##### DATASET #####
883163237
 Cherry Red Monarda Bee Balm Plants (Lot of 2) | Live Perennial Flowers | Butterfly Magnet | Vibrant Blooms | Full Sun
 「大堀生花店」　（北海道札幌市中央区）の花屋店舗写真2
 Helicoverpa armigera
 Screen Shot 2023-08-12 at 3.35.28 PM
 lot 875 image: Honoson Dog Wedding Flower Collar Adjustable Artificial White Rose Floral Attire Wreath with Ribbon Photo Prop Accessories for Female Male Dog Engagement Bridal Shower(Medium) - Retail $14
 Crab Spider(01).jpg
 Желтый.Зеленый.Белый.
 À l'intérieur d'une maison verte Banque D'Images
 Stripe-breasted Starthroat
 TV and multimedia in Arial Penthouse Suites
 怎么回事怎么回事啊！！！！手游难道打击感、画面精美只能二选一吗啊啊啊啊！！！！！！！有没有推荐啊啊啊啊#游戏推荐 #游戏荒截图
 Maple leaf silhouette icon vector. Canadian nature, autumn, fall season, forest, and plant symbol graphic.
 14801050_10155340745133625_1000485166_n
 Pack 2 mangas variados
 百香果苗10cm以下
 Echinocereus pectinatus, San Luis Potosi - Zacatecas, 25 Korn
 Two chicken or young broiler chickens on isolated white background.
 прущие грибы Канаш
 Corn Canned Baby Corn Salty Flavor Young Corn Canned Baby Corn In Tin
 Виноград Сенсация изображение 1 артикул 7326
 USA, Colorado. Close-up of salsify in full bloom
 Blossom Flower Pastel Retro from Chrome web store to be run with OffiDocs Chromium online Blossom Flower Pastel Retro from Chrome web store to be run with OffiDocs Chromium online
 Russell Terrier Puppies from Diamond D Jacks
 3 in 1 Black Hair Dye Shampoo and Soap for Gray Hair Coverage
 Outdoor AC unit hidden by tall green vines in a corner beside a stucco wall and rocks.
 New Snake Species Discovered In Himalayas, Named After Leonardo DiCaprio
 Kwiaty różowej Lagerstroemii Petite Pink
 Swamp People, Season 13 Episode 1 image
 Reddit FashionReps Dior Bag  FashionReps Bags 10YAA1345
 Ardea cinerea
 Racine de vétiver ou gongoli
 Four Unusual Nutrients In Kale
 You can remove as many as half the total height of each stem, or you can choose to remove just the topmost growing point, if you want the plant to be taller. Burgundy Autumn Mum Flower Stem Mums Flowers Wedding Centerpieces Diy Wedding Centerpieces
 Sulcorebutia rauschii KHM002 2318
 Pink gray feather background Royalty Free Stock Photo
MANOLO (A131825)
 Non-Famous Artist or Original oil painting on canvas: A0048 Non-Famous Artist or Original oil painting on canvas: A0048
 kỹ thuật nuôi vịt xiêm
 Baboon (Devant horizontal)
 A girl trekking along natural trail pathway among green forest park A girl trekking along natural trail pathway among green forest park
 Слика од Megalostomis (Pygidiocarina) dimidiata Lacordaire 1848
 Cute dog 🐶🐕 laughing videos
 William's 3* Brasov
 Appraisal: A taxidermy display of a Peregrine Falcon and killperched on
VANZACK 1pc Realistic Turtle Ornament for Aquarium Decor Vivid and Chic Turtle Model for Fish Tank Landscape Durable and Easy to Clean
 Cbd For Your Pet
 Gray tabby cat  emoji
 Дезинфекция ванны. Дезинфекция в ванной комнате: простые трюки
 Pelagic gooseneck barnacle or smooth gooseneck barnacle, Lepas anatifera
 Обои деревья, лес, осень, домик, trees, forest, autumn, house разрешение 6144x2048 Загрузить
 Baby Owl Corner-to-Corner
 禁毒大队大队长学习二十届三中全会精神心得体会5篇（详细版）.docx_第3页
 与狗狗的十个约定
#####
[WORK REQUIRED]
Search the data for the string "forest" and copy each line where it appears.

[ANSWER AREA]
 Maple leaf silhouette icon vector. Canadian nature, autumn, fall season, forest, and plant symbol graphic.
 A girl trekking along natural trail pathway among green forest park A girl trekking along natural trail pathway among green forest park
 Обои деревья, лес, осень, домик, trees, forest, autumn, house разрешение 6144x2048 Загрузить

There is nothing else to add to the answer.